**Assignment:** Please, without any pictures, set down exactly the part of the listing below that opens with the line containing "Irish Ireland Clover" and closes with the line containing "Cozy Critters |".

* * * * * * *

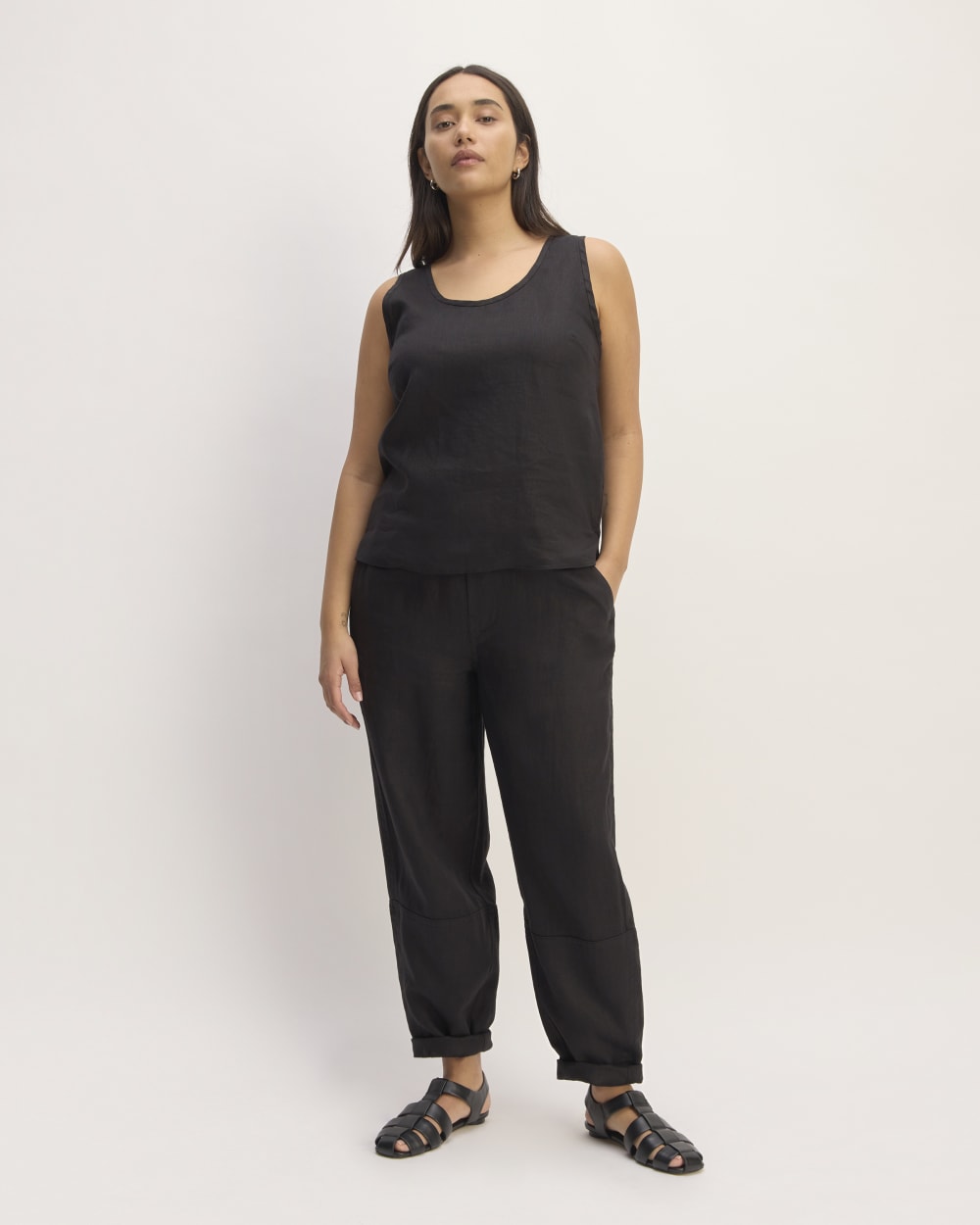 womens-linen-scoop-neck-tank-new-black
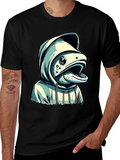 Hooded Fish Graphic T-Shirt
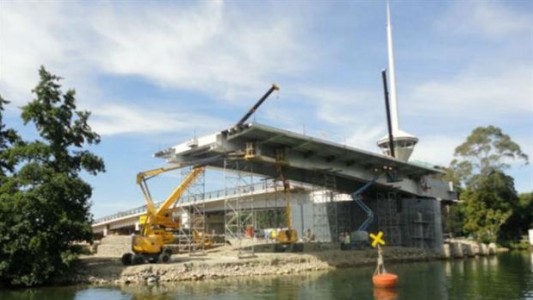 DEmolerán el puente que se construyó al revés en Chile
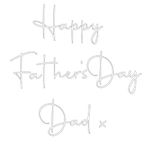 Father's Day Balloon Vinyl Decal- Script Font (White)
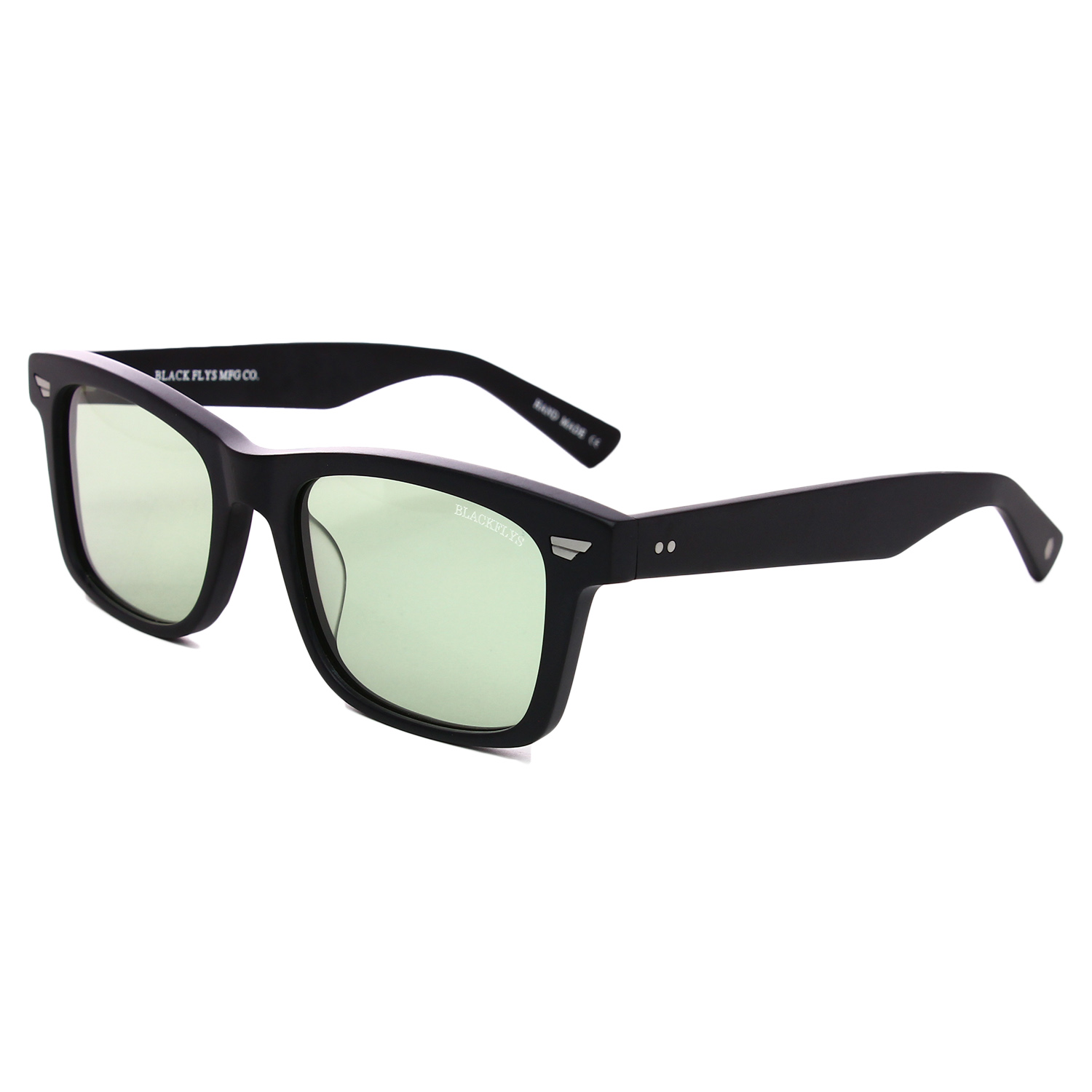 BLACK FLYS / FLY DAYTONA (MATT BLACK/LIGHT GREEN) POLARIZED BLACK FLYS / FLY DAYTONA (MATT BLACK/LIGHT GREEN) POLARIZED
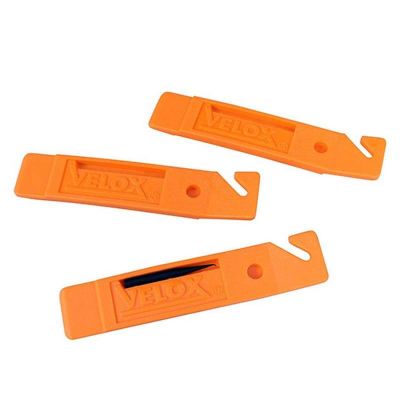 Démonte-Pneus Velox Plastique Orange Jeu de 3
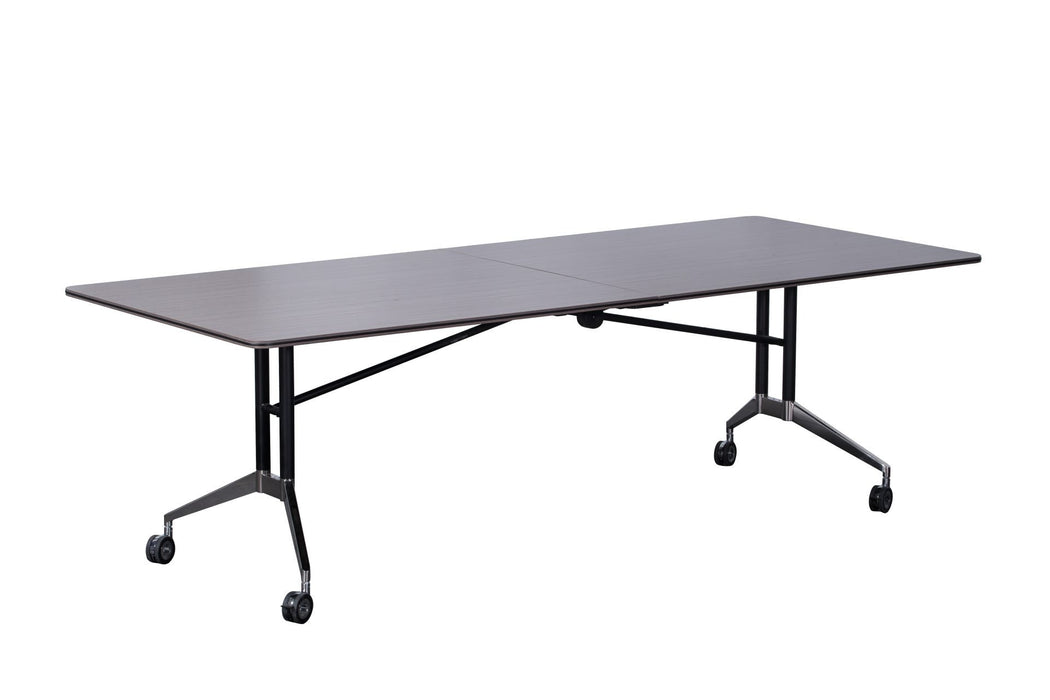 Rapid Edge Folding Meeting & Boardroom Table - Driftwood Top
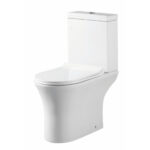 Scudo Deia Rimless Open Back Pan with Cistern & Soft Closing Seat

* * * * * * *

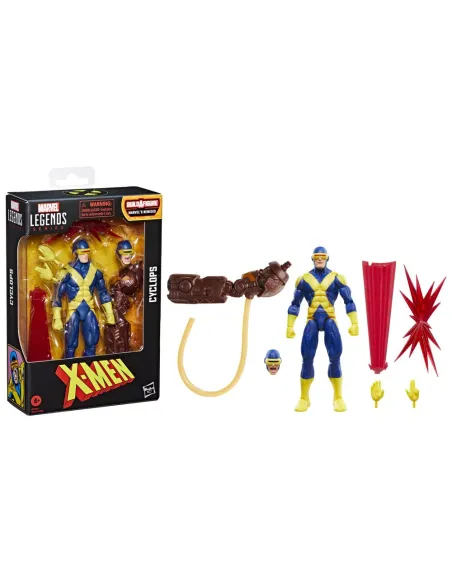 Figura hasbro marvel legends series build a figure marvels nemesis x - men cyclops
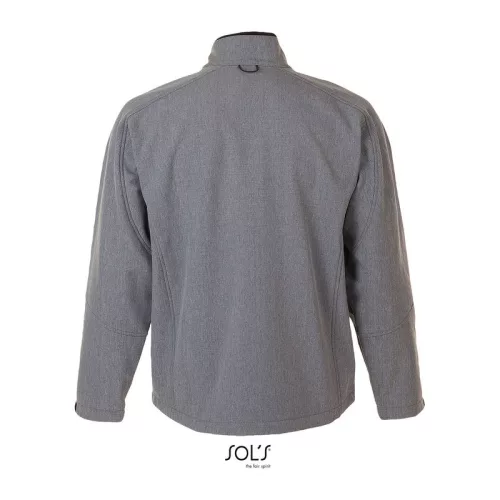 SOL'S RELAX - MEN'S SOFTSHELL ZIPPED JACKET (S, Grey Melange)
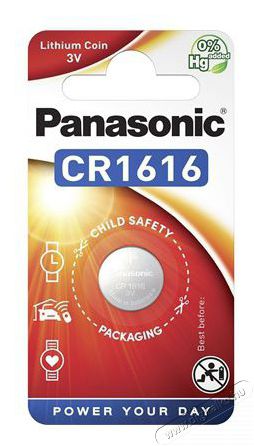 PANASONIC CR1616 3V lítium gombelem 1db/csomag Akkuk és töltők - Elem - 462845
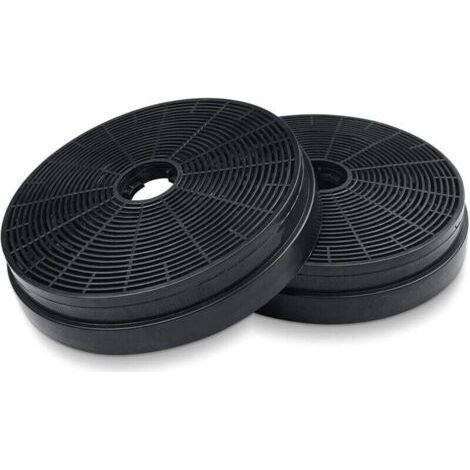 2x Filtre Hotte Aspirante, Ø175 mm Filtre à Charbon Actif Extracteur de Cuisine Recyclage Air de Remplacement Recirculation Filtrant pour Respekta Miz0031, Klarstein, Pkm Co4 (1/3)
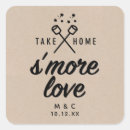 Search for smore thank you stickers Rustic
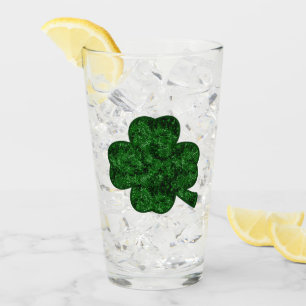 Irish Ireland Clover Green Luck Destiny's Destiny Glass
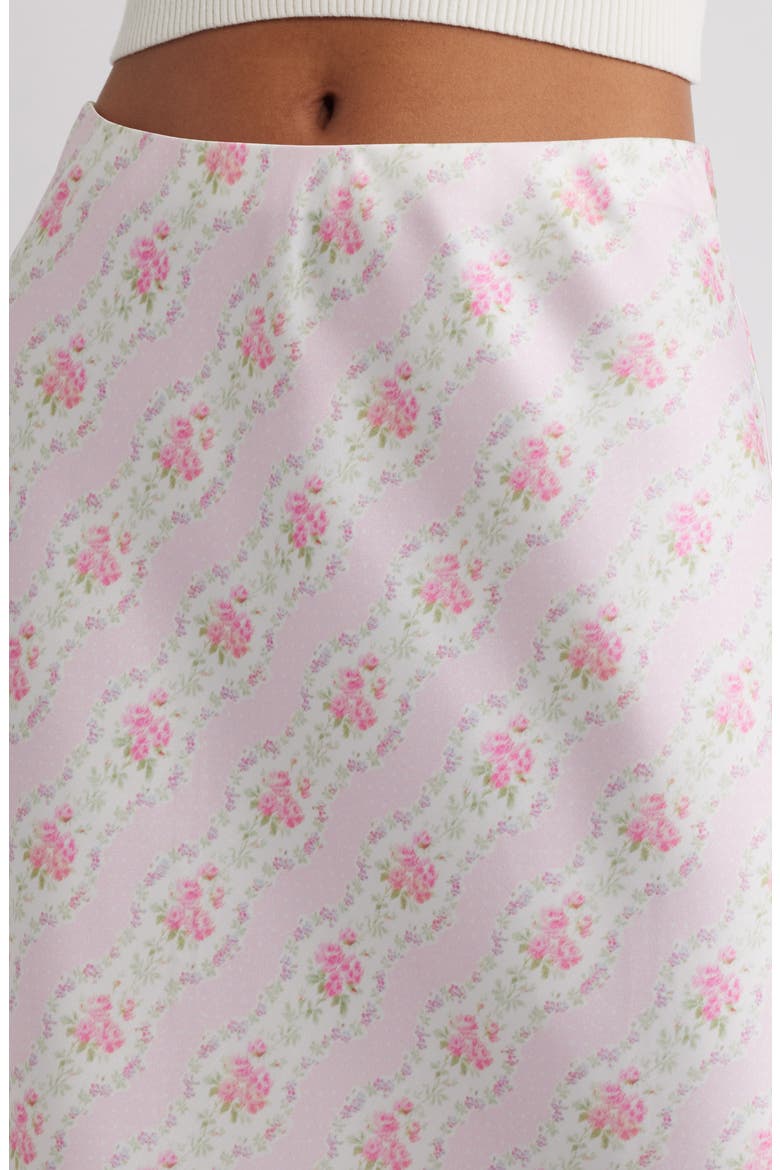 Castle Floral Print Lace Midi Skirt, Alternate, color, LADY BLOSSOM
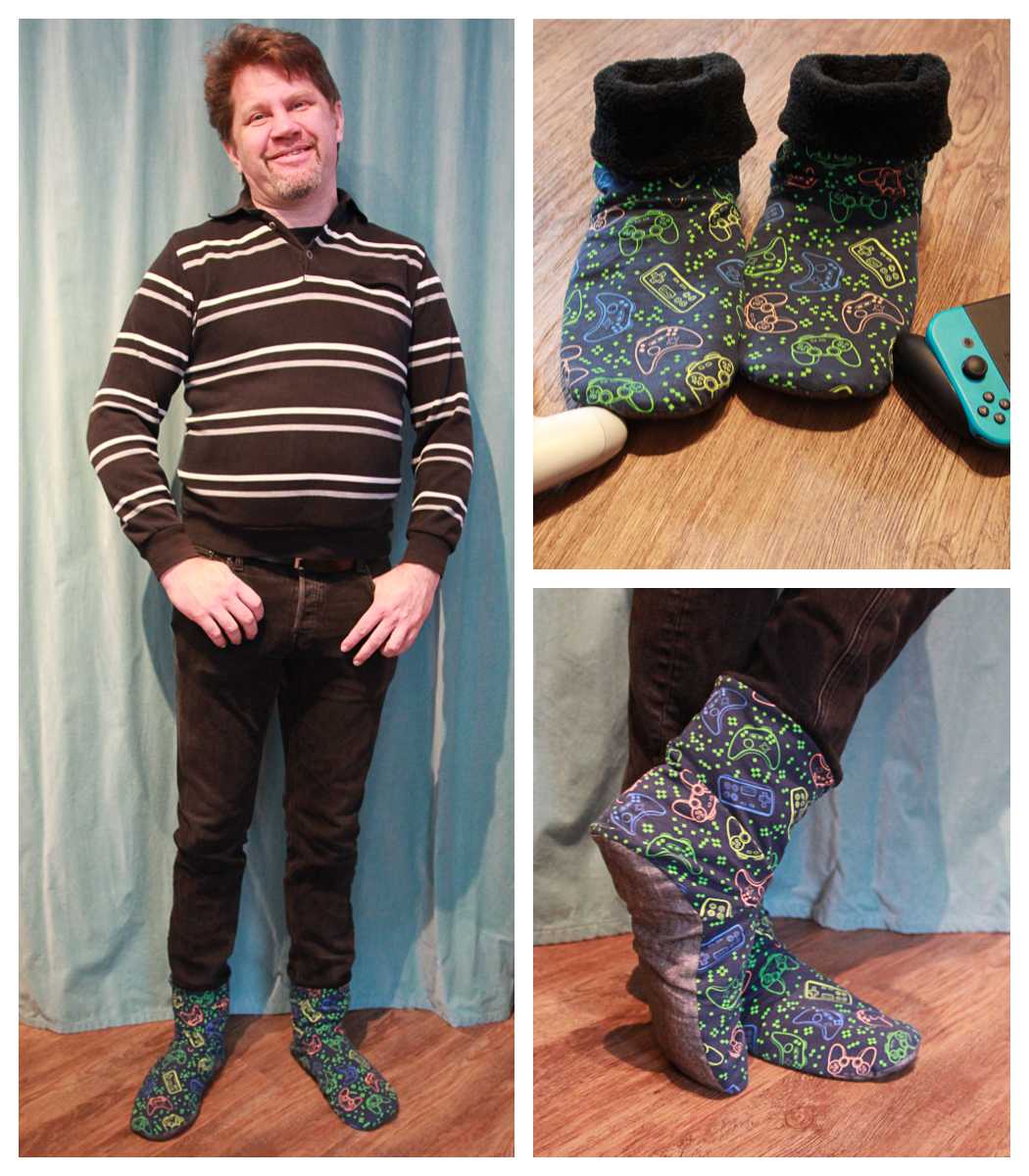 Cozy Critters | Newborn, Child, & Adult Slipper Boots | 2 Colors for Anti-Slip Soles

* * * * * * *

**Exercise answer:**
 Irish Ireland Clover Green Luck Destiny's Destiny Glass
 Castle Floral Print Lace Midi Skirt, Alternate, color, LADY BLOSSOM
 Cozy Critters | Newborn, Child, & Adult Slipper Boots | 2 Colors for Anti-Slip Soles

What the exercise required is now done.